Molecular Cardiology - Australia’s number one killer
“Heart disease is Australia's number one killer”, says A/Prof Jock Campbell, head of SVI’s Molecular Cardiology Unit. “One in five people will develop heart disease in their lifetime. The problem is that some of these people will not know it until it is too late.”
The heart muscle is continuously working, pumping blood around the body to provide cells with nutrients and oxygen. However, just as with any pump, things can go wrong. The blood vessels delivering blood to the heart muscle can become narrowed or blocked, disrupting flow through the system (coronary artery disease); the valves within the pump can malfunction (valvular heart disease); or the heart muscle may become weak, so that it is unable to pump sufficient nutrients and oxygen to itself and the rest of the body for normal daily activities (heart failure).
Jock and his group focus particularly on discovering the mechanisms which cause heart disease, and trying to find better ways of identifying people at increased risk of heart disease, in order to stop the disease before it does damage.
The group has established a ‘bank’ of heart biopsies from people having open-heart surgery. This is the first of its kind in the world, and is allowing the researchers to get a clearer picture of what happens to the muscle of the heart in people with coronary artery disease, and with the deterioration of heart function that accompanies obesity, diabetes and ageing.
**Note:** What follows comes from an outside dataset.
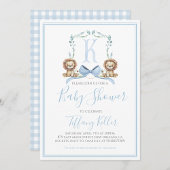 Preppy Southern Blue Boy Lion Baby shower Kaart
Research by the Molecular Cardiology Unit aims to improve the cardiovascular health of the community, and this aim can only be achieved with community collaboration. This research would not be possible without the active participation of individuals undergoing open heart surgery who consent to the surgeon taking a biopsy of their heart muscle, and by individuals contributing to the investigation of new strategies to prevent cardiovascular disease. For Jock, it is both an honor and a privilege to collaborate with the community in this research.